Programming

Writing code without tests

This post is aimed at people who have mastered test-driven development and ideally also behaviour-driven development and who are familiar with XCheck testing. If you don’t have good basic steps then trying to jump onto some of these techniques are likely to backfire on you as you will probably struggle to assess the risks correctly.

There is a reason TDD was invented, it represents the refinement of good testing practice and the philosophy of good software design. TDD is a relatively simple practice to describe that requires effort to implement. Writing code driven by tests is safer that straight-coding.

Writing untested code is a kind of mastery technique. It is high-risk and relies on the skills and the knowledge of the programmer. I don’t think it is ever responsible if the programmer is not going to be the person supporting the result in production. Without this condition then the programmer’s interests are not properly aligned with the consumers of their code.
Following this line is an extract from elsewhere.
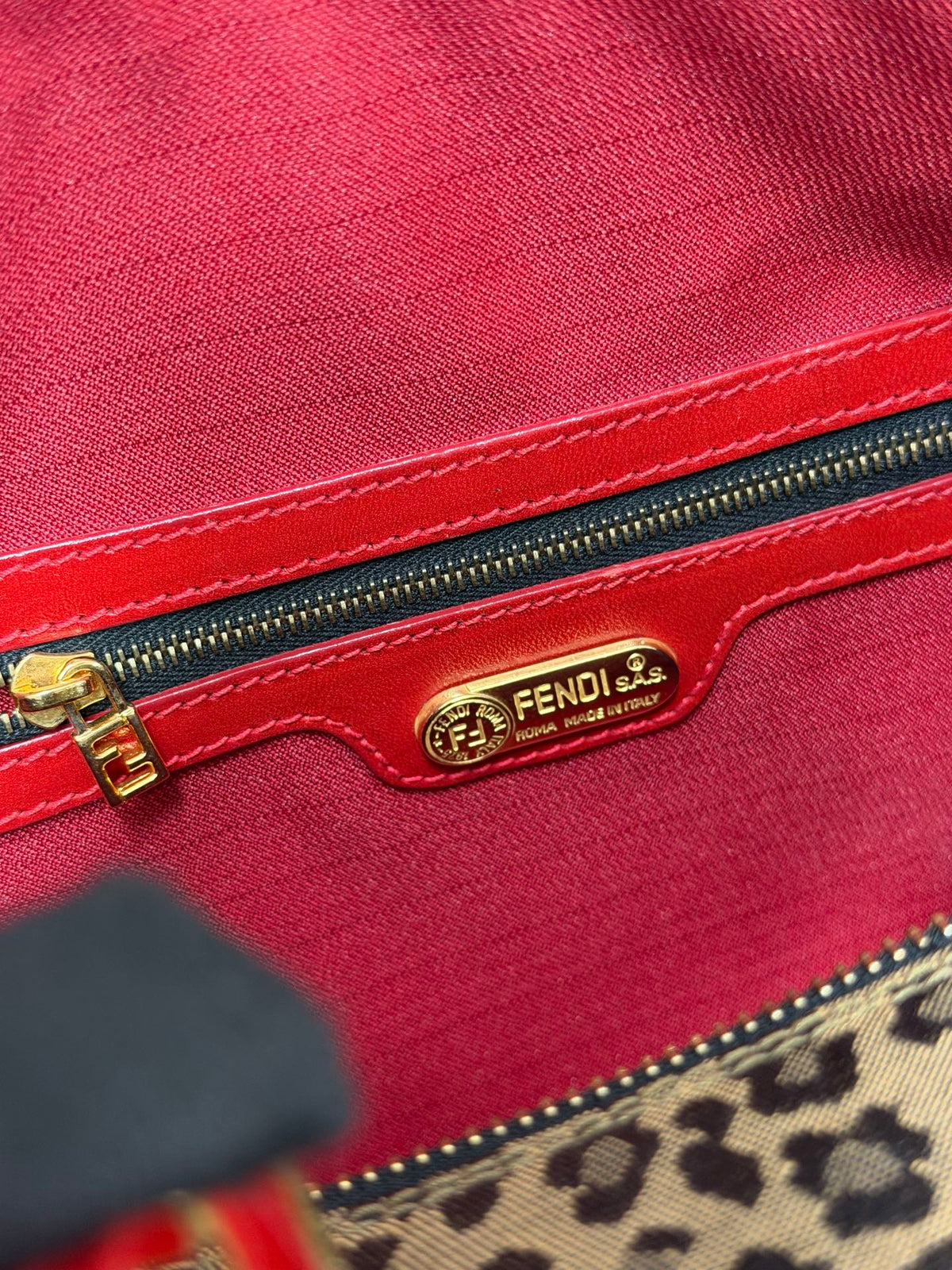FENDI Vintage Leopard Print Canvas Boston Bag with Red Leather Trim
So with all those caveats in place what if we want to create code faster because we don’t have to write tests?

Well we have to understand where bugs come from and we will have to write code that doesn’t allow those situations to arise.

There are two important principles to start with. If you can rely on tested library code, then you can rely on the underlying quality of the tested code and leverage it in your own application. Secondly the code you don’t write will not have bugs.

Therefore we should be aiming to write the smallest amount of code possible and we should never try to code what others have coded for us.

The next point is about where bugs occur. I think we’re now at a consensus point that most bugs occur in the way we change and maintain state. In both procedural and functional languages it is rare to get a mistake in the order of steps that something must happen in for example. These kind of problems tend to be misunderstandings of the domain (that get written into test suites as well so testing doesn’t help catch them) rather than genuinely unexpected consequences of the programmer’s code. Object-orientated code is really hard to reason about from this point of view as objects don’t have an implied order of execution.

This is why quick scripts of less than 200 lines tend to do stable sterling service for years whereas larger applications are more tortured in their existence.

Therefore whatever language we are coding in we need to adopt the functional principle of operating only on our parameters and returning values that can be consumed by the caller.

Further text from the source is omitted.